# Crock Pots & Ribs



## dagger (Feb 4, 2005)

Hockey is on NBC saturdays and i want to make crock pot (i own a rival so it is crock pot) ribs. Do you brown your ribs in the broiler first or just combine everything in the crock and let cook? My rival crock-pot is the 6 Qt. Oval Smart-Pot[emoji]8482[/emoji] Programmable Slow Cooker. For some reason my sister figured I would like. I'm not sure what sauce I'm going to use, a Asian bottle sauce like the ribs you get the take out places or a sauce Susan type bottle sauce which is mostly apricot glaze. Got the ribs at Costoc not the babby back but these are the regular ribs that run around $16 a pack of 2 full racks. I already mixed a brwon sugar, onion & garlic powder for a rub with some dried parsley throwen in.
Check this New one from Rval, looks pretty neat.
http://www.crockpot.com/bbq-pit/learnmore.html :chef:


----------



## phatch (Mar 29, 2002)

I can't endorse ribs in the crockpot. Pork shoulder, OK, but not ribs. Ribs need to be in the smoker, grill, or oven, low and slow.

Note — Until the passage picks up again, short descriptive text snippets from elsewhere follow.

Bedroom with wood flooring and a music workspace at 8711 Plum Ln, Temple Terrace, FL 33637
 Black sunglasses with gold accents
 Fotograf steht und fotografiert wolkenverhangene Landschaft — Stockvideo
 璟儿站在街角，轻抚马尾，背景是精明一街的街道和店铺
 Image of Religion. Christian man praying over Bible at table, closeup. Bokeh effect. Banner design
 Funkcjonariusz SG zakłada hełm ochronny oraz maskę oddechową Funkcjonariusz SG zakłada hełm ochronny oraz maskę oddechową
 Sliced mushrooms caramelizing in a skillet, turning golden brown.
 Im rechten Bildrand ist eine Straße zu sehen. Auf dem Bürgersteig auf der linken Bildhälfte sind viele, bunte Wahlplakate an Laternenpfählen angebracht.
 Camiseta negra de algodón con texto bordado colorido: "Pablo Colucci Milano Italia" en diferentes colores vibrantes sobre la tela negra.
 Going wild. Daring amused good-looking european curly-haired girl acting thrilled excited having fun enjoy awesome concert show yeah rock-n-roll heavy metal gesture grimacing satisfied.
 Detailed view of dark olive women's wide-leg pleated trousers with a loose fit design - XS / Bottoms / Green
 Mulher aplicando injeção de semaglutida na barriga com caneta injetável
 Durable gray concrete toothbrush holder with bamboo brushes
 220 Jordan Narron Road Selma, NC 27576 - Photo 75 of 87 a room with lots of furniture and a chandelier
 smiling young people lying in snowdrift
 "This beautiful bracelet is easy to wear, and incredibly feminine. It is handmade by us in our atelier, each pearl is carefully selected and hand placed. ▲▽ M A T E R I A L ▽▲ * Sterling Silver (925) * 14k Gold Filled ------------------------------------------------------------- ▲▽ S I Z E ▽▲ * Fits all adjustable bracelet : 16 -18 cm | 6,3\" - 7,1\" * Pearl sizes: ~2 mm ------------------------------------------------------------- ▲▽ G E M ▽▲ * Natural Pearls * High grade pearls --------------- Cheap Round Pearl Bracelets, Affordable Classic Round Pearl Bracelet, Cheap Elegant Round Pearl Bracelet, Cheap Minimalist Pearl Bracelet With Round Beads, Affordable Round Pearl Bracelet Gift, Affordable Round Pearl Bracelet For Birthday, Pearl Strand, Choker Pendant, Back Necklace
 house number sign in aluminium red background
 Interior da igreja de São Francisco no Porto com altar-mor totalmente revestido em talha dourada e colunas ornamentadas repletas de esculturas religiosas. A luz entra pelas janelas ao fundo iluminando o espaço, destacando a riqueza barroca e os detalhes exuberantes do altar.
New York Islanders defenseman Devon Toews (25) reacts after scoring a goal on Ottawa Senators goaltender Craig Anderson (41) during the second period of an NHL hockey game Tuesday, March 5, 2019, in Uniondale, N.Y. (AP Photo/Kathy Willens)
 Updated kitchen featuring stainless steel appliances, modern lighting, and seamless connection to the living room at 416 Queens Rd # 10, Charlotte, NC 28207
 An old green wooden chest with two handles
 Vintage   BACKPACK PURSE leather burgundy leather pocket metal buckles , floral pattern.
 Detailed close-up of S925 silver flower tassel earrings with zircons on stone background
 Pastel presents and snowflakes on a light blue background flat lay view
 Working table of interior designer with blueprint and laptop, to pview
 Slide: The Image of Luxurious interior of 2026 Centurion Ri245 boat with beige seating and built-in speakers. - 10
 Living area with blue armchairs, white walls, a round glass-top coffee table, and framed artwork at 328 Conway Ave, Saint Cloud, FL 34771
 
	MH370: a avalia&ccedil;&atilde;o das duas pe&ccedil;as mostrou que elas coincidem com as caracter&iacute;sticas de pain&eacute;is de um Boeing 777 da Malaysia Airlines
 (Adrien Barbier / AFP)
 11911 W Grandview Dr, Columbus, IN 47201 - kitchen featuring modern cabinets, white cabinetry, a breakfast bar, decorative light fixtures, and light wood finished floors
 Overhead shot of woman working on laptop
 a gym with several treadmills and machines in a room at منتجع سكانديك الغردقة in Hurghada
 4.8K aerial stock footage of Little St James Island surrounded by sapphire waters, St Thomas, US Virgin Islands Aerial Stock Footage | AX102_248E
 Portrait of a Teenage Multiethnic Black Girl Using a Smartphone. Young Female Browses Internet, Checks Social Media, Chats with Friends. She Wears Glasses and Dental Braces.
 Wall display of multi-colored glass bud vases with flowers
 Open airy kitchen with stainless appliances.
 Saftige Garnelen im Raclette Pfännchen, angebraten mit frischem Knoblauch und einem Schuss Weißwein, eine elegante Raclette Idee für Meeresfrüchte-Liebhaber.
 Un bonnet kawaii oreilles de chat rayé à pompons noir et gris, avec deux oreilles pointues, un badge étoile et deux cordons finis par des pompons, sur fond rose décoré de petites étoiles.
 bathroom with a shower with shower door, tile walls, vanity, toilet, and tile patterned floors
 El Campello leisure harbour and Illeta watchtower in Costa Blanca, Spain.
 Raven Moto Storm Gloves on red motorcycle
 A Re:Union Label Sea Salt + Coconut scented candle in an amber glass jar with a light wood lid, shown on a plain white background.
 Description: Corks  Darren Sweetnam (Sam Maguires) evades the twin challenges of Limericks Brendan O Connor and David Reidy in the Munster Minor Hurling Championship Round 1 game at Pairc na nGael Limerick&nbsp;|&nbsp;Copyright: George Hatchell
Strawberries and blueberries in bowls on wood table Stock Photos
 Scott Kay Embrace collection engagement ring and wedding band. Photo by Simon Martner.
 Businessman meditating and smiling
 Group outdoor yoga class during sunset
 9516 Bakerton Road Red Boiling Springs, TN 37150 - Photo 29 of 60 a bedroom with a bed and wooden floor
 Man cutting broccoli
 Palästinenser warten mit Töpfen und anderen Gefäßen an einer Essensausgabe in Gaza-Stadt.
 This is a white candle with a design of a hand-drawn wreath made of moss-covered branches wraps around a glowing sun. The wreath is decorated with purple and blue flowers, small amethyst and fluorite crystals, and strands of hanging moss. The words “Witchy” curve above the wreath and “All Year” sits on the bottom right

I am doing some asian ribs tonight in the oven. I'm using a bottled Lee Kum Kee char-siu sauce to marinate then a few thin fresh coats in the last hour to give them that glaze.

Phil


----------



## craftynatalie (Jan 11, 2006)

I have done country style ribs in my crock pot several times. I know it probably sounds weird but I simmer mine in water on the stove first, just like you would do with beer and brats. I then slow cook them for as many hours as I can. I dont add so much sauce that they are completely covered but a pretty good amount. They turn out awesome, not the same as slowly smoked, but for what they are, they're good!


----------



## suzanne (May 26, 2001)

Cook your ribs in the slow cooker with as little extra liquid as possible, as Natalie suggests. Then before you serve them, brush them with sauce or sprinkle with spices and grill or broil them to crisp the outside.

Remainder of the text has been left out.